Another key issue before the court is whether the justices should be weighing in on the issue at all. Justice Antonin Scalia said that only 11 states had redefined marriage democratically, only three by popular referendum of the voters. The alleged national consensus on behalf of same-sex “marriage” is being imposed by activists in robes, he said. “It’s not the people deciding. It’s the judges deciding.”
Justice Roberts agreed that the means of implementation would affect whether people accept or reject the decision. “People feel very differently about something if they have a chance to vote on it than if it’s imposed on them by the courts.”
Even Justice Breyer asked Bonauto, “You want nine people outside the ballot box to require states that don’t want to do it to change. … Why cannot those states at least wait and see whether in fact doing so in the other states is or is not harmful to marriage?”
Bonauto could not cite history nor widespread voter approval but referenced international law by saying that there are “17 or 18 countries that actually do authorize marriage for same-sex couples.”
Justice Elena Kagan has cited foreign law as an influence in her understanding of the U.S. Constitution, as have other liberal justices.
The issue of who decides came up in the second half of the court’s arguments this morning. Justices must decide both whether the U.S. Constitution grants an inalienable right to homosexual “marriages” and also whether states must recognize “marriages” in states that have already redefined the institution.
Justice Roberts said that, if the Court grants the second question, then “one state would basically set the policy for the entire nation.”
The Obama administration’s Solicitor General Verrilli, said that states would decide the matter for themselves. But Roberts said the federal government could choose to prosecute states that refuse to uphold the Obama administration’s civil rights standards. (“Well, you have enforcement power, too,” Roberts said to Verrilli at one point.)

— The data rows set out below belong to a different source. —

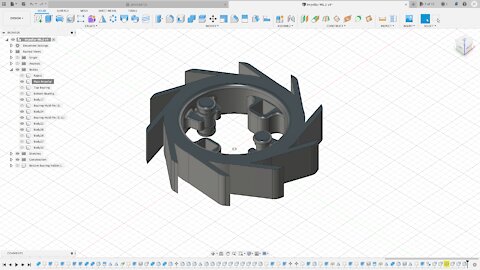 (Part.3) Bottom toolbar functions. Fusion 360 for the absolute beginner help series.
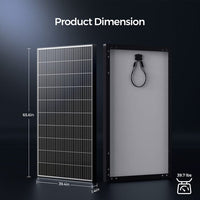 Renogy 320 Watt Monocrystalline Solar Panel - ShopSolar.com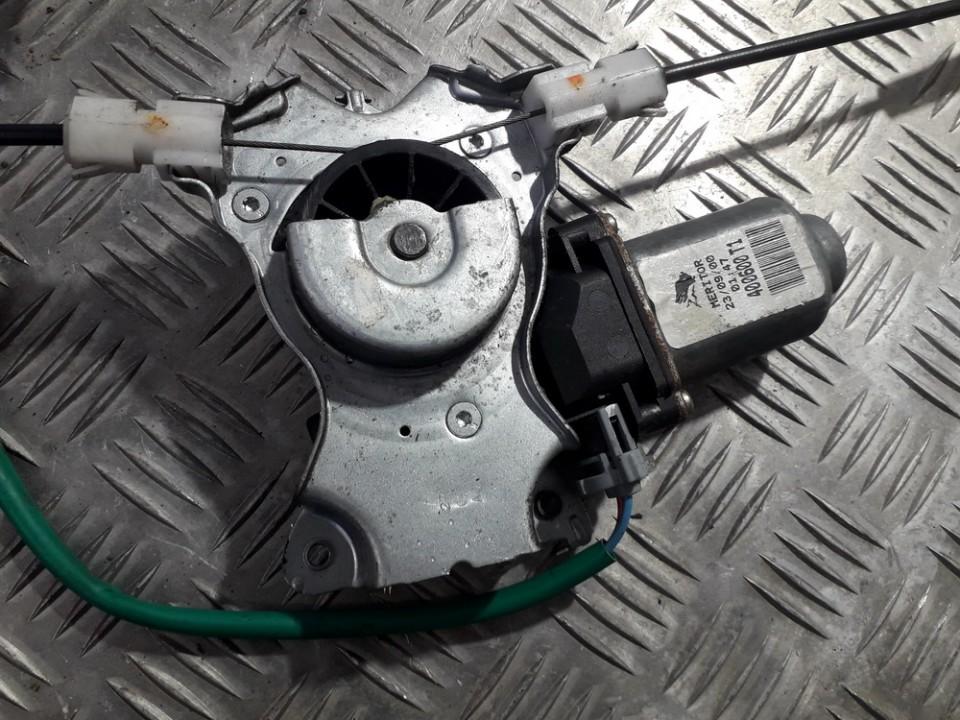 400600T1 Nissan Almera 2002 Window Motor - FRONT RIGHT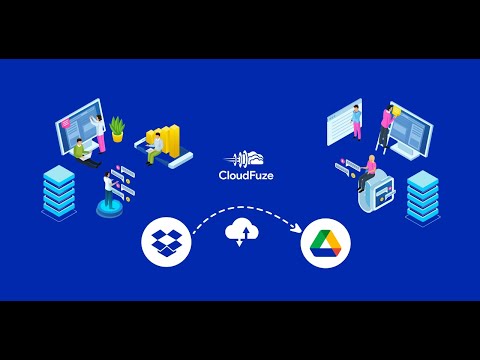 How to Transfer Files From Dropbox Business to Google Drive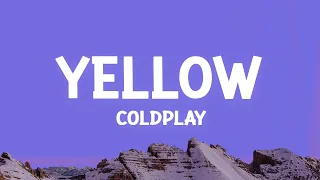  coldplay yellow lyrics 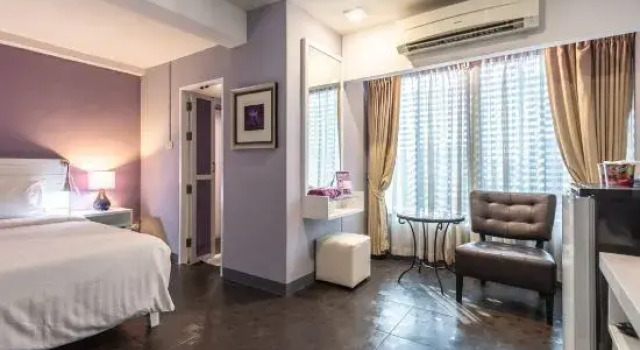 Номер Deluxe Lilac Relax-Residence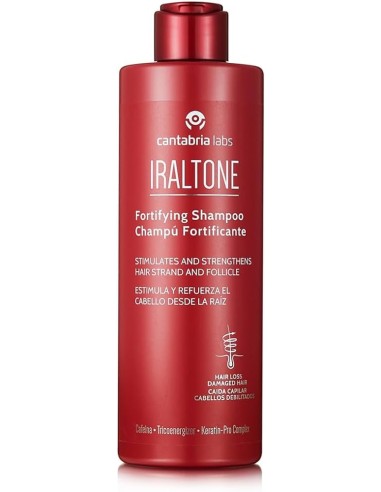 IRALTONE CHAMPU FORTIFICANTE 1 ENVASE 400 ML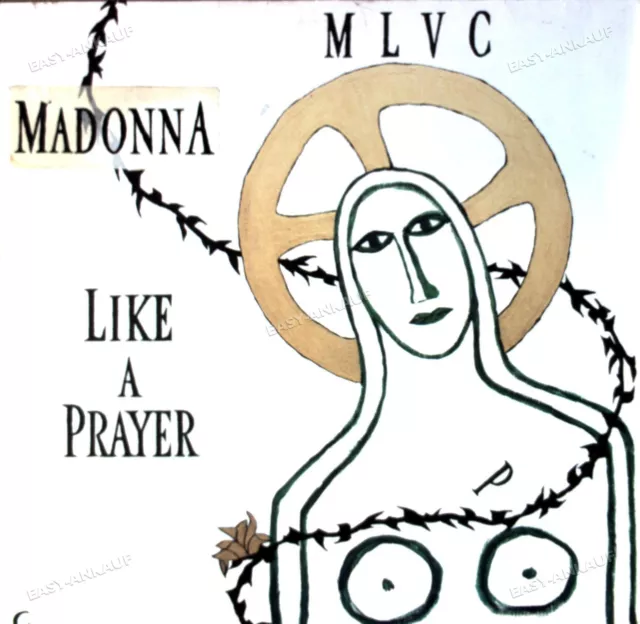 Madonna - Like A Prayer Maxi (VG/VG) .
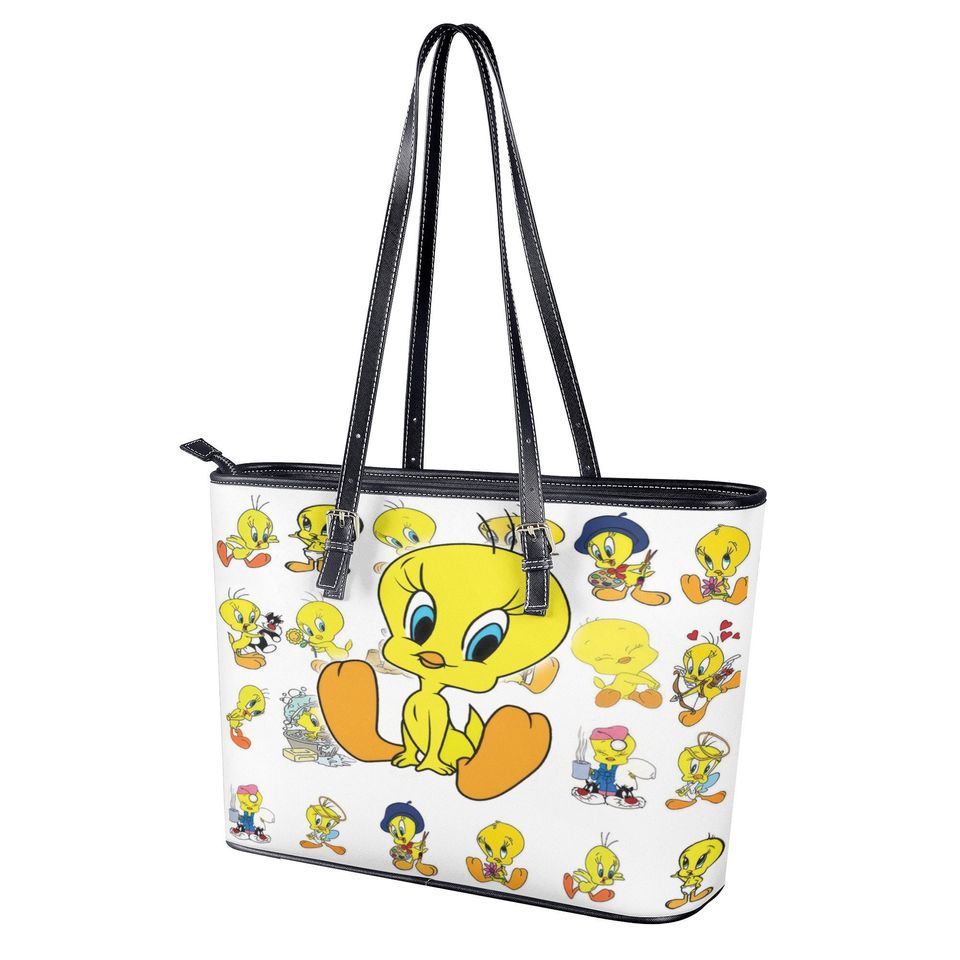 Tweety Bird - Looney Tunes Leather Handbag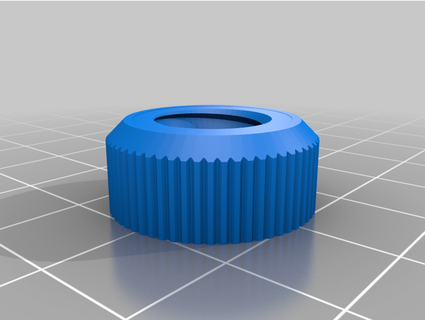screw filament guider taunus27 3d print model - Mito3D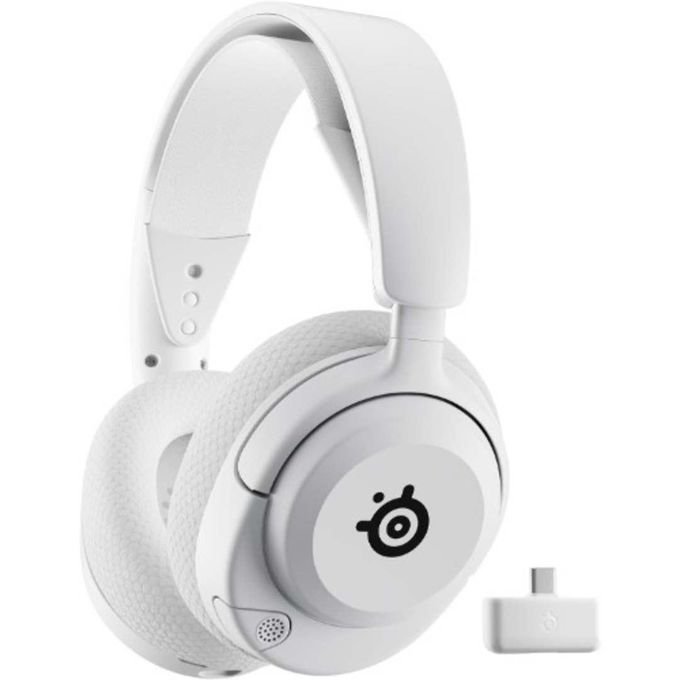 Steelseries Arctis Nova 5 Wireless - Gaming Headset - White
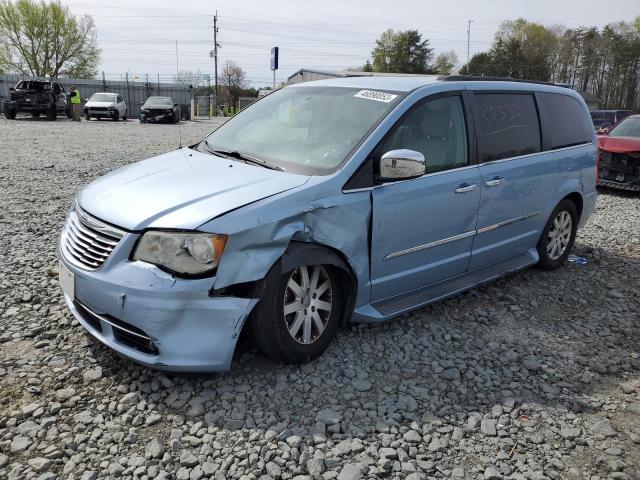 CHRYSLER TOWN & COU 2012 2c4rc1cg1cr368839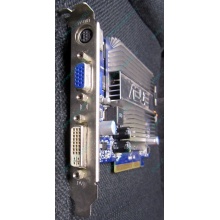 Видеокарта 256Mb nVidia GeForce 7600GS AGP (Asus N7600GS SILENT) - Можайск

Justice Alito argued that the Supreme Court already ruled that a church institution cannot have a policy against interracial marriage, even if it claims a religious objection.

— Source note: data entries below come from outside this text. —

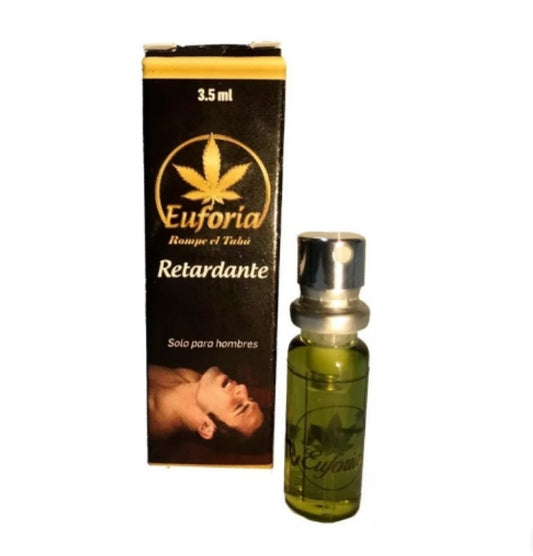 Retardante Euforia Spray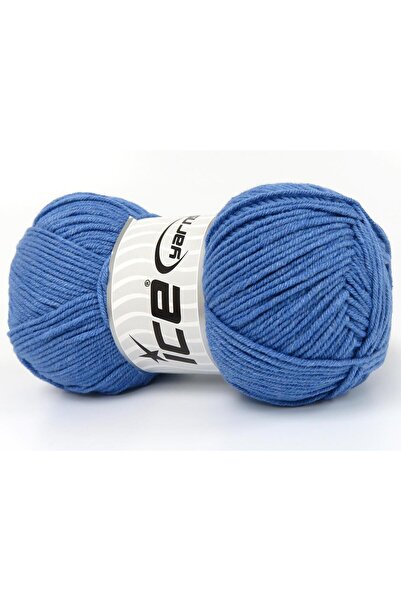 Ice yarns مجموعة من 4 خيوط من خيوط الجينز القطنية الرياضية (60% قطن) بوزن 100...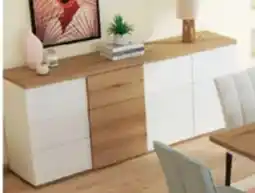 Conforama Buffet 4 portes 1 tiroir otello offre
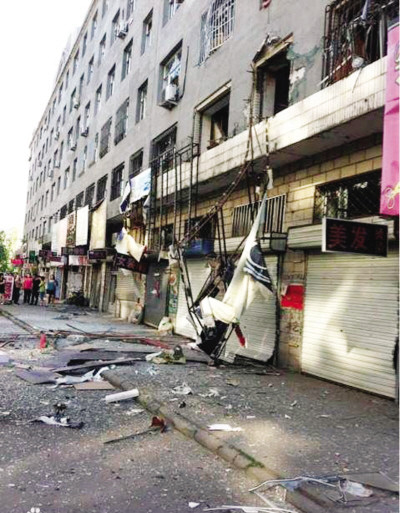 黑龙江肇东居民家中燃气发生爆炸4岁男童身亡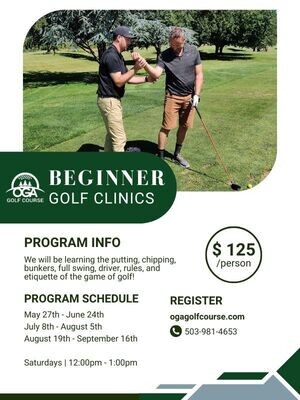 Beginner Golf Clinics 00013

Verrilli admitted that the federal government’s decision to prosecute everyone who does not follow its diktats is “certainly going to be an issue.”
What about polygamy and incest?
During a vigorous back-and-forth, justices asked where the process of redefining marriage could stop. If the Court were to destroy the ancient precedent of restricting marriage to members of the opposite sex, Justice Alito asked, what would stop four people from marrying?
Bonauto replied twice that states would reject polygamy based on existing law and precedent – just as they are rejecting same-sex “marriage.” Bonauto said that, if a polygamous couple tried to obtain a marriage license, “states would rush in and say…that that is not the same thing that we’ve had in marriage.”
She also raised unspecified “concerns about consent.”
Alito injected some levity into the proceedings, saying, “Let’s say they’re all consenting adults, highly educated – they’re all lawyers.”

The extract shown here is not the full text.